Já parou para pensar nisto? Quando você sonha, pensa, imagina a pessoa com quem você está se relacionando, naquele momento você está nutrindo sentimentos por uma construção da sua mente e não pela pessoa concreta que não está fisicamente presente. De fato, todo relacionamento tem um aspecto anímico, uma vez que você não direciona seus sentimentos simplesmente a uma pessoa, mas também à projeção imaginária que você faz dela.
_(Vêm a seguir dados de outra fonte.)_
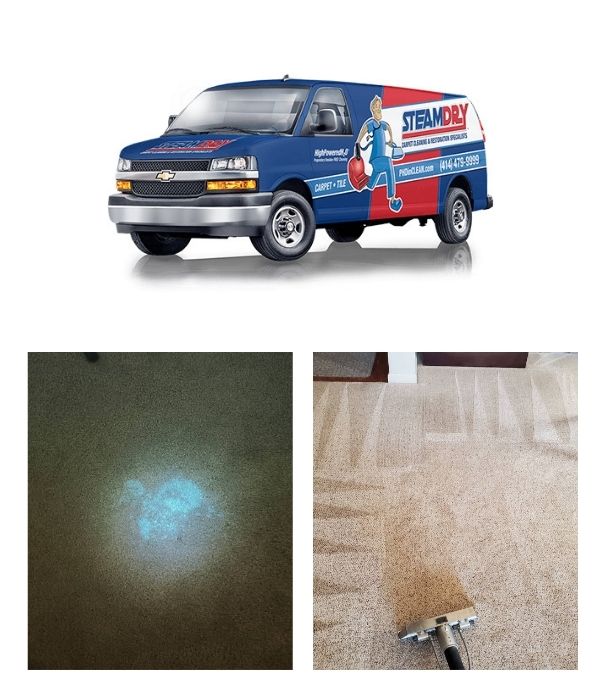 Pet Urine Odor Removal Process Jackson Wi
Sentimentos religiosos são por natureza anímicos, já que você projeta sentimentos em ídolos, talismãs, santos, anjos, espíritos, divindades, seres que geralmente não se mostram fisicamente presentes. Tudo isto nos faz perceber que a dimensão física é apenas um pequeno aspecto da realidade vislumbrada pela nossa mente. Vivemos em um misto de mundo físico e mental, sendo o mundo mental muito mais amplo.
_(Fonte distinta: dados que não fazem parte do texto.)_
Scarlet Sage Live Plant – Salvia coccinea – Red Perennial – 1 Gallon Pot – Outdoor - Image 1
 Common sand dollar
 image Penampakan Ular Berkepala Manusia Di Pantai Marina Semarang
E eis que agora a tecnologia está levando a humanidade para uma espécie de renascença do animismo, com a inteligência artificial. Algumas pessoas vão resistir inicialmente, rejeitando a ideia de humanos terem algum tipo de sentimento direcionado a máquinas, mas com o tempo isto se tornará cada vez mais comum. Ora, quando você se irrita com a Alexa ou ri de um comportamento dela, já está desenvolvendo um laço anímico com esta inteligência artificial.

Até que ponto irá se aprofundar a relação entre humanos e máquinas? Um dia haverá crianças que serão criadas por robôs e nutrirão por eles sentimentos filiais. Haverá idosos solitários que terão a valiosa companhia de um cuidador robótico e muitos vão ter por estes robôs o sentimento que se tem por um grande amigo. No mundo erótico, então, as pessoas terão experiências eróticas envolvendo máquinas com mais frequência do que as relações humano com humano.
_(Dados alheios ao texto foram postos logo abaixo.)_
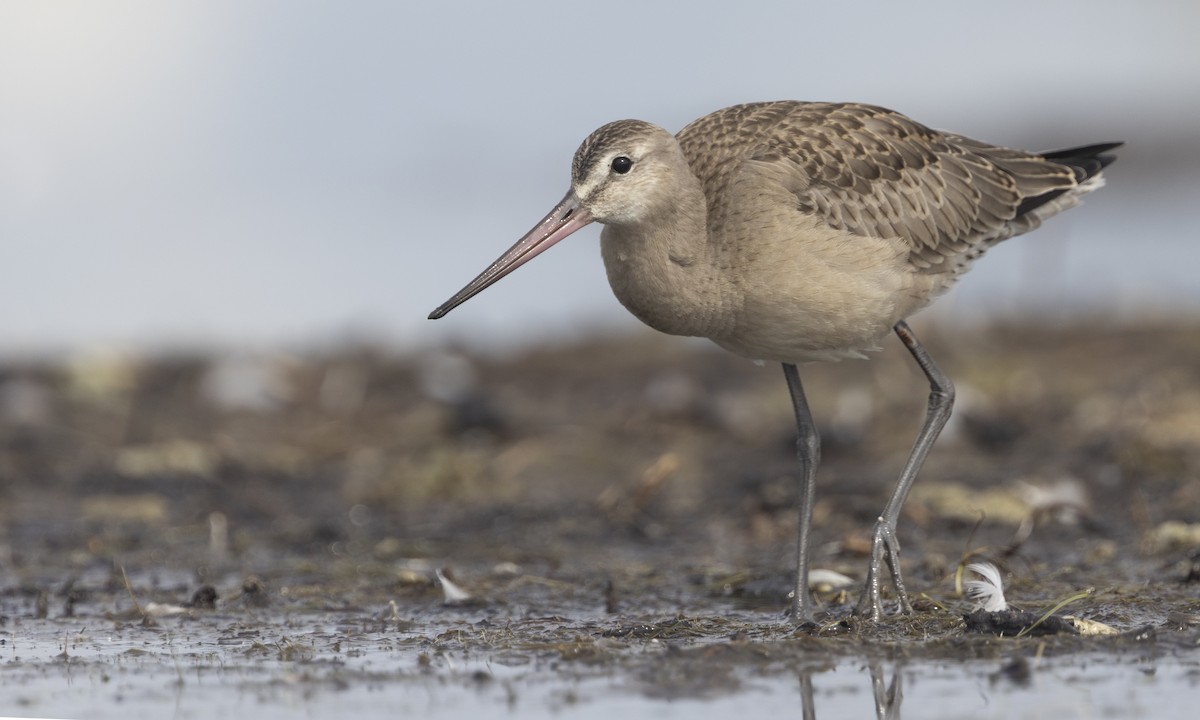 Hudsonian Godwit - ML508874131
Em algum momento, talvez até existam robôs se convertendo e praticando alguma religião. Quando isto acontecer, teremos um curioso fechamento de ciclo, pois um ser anímico, a inteligência artificial, será igualmente praticante do animismo.  

E assim toda a jornada da humanidade, que no tempo das cavernas começou com sentimentos anímicos voltados para criaturas desenhadas nas rochas e bonecos de palha, ruma para uma espécie de animismo cósmico, com a compreensão de que o universo inteiro, além de sua camada puramente física, é também um mundo mental experimentado pela consciência. 

Nós, seres conscientes, somos a consciência do universo, e vivemos neste limiar entre a matéria e o mundo mental. Ao criar um mundo virtual, chegamos ao ponto em que ambos os reinos se misturam e se confundem. Este mundo irá se expandir e se mesclar à própria consciência individual e coletiva. A era de ouro do animismo.